Lo cierto es que buena parte de los mejores pianistas de Rusia habían pasado por las manos de quien consideraba que dedicarse a la composición era desperdiciar el talento pianístico. El maestro resolvía cuándo los muchachos estaban listos para salir al mundo, bien para iniciar su vida como concertistas o trasladarse a uno de los dos grandes, y únicos, conservatorios de Rusia en ese momento: el de Moscú o el de San Petersburgo.
Primera muestra de independencia: ante la imposibilidad de practicar la composición, abandonó la academia pese a ser, junto con Alexander Scriabin el más talentoso del grupo, para matricularse en el conservatorio de Moscú, donde se hizo alumno de Arensky y Taneyev e ingresó a la clase de piano de su primo, Siloti, que había estudiado con Liszt.

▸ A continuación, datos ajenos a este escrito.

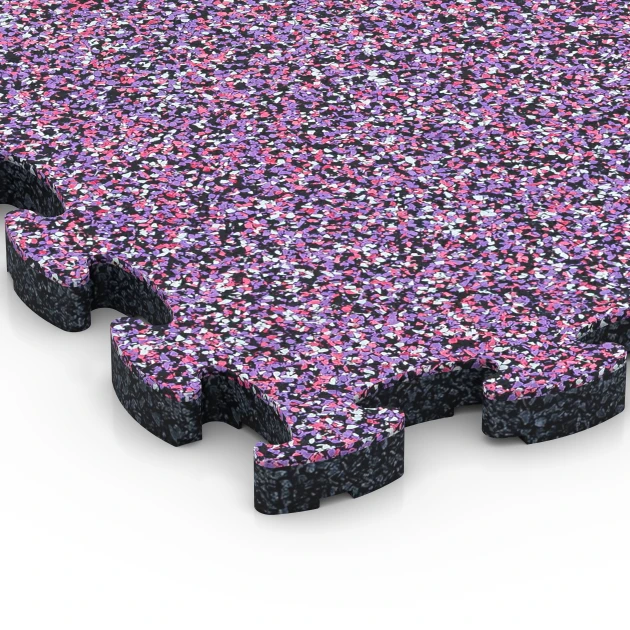 Detailaufnahme der Randausprägung von WARCO-Produkt 6774, Pool Surround Tiles, Format 28,9 x 28,9 x 1,8 cm, Farbe Lavender.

En el conservatorio se convirtió en el más prometedor de los estudiantes de composición y el mejor de los pianistas.
Primera Sinfonía, años de depresión y Concierto nº2
Cuando el panorama se mostraba promisorio, cuando era el más talentoso, cuando se hablaba del inminente estreno de su ópera Aleko, vino el primer revés y probablemente el más importante de toda su vida, paralelo con el peor negocio de su existencia.
En 1892 escribió un Preludio para piano en Do sostenido menor, que vendió a un editor por la irrisoria suma de 40 rublos. Siloti lo estrenó en Londres con un éxito gigantesco.
A la vez terminó su Sinfonía en Re menor en 1895, cuyo estreno ocurrió dos años más tarde. El estreno fue un fracaso, acrecentado por la feroz crítica de Cesar Cui, miembro del círculo de compositores nacionalistas conocido como “Los cinco”. Cui más que criticar la sinfonía se ensañó con el joven compositor y consiguió sumirlo en la depresión.
Abandonó la composición y cerró la tapa del piano porque perdió lo único con que había contado desde los años de su infancia en Semionov: seguridad en sí mismo.
Cuando tocó fondo aceptó someterse a una especie de tratamiento psiquiátrico con Nikolai Dahl, un moscovita que lo sometió, diariamente a una especie de rutina de hipnosis y autosugestión. Recostado en el diván, Dahl lo hipnotizaba y le repetía, como una letanía: “Usted compondrá su concierto, usted compondrá su concierto, su concierto será excelente”.
Dicho y hecho, renació de sus cenizas, llevando en su mano la partitura de su Concierto nº2 en Do menor para piano y orquesta, op. 18, que estrenó él mismo, el 2 de noviembre de 1900, con Siloti en el podio de la dirección. El concierto se hizo inmensamente popular en el mundo entero, con una acogida que no le ha abandonado hasta el día de hoy, porque es uno de los grandes caballitos de batalla del repertorio.
Inició su carrera como pianista, a la manera del pasado, interpretando su propia música.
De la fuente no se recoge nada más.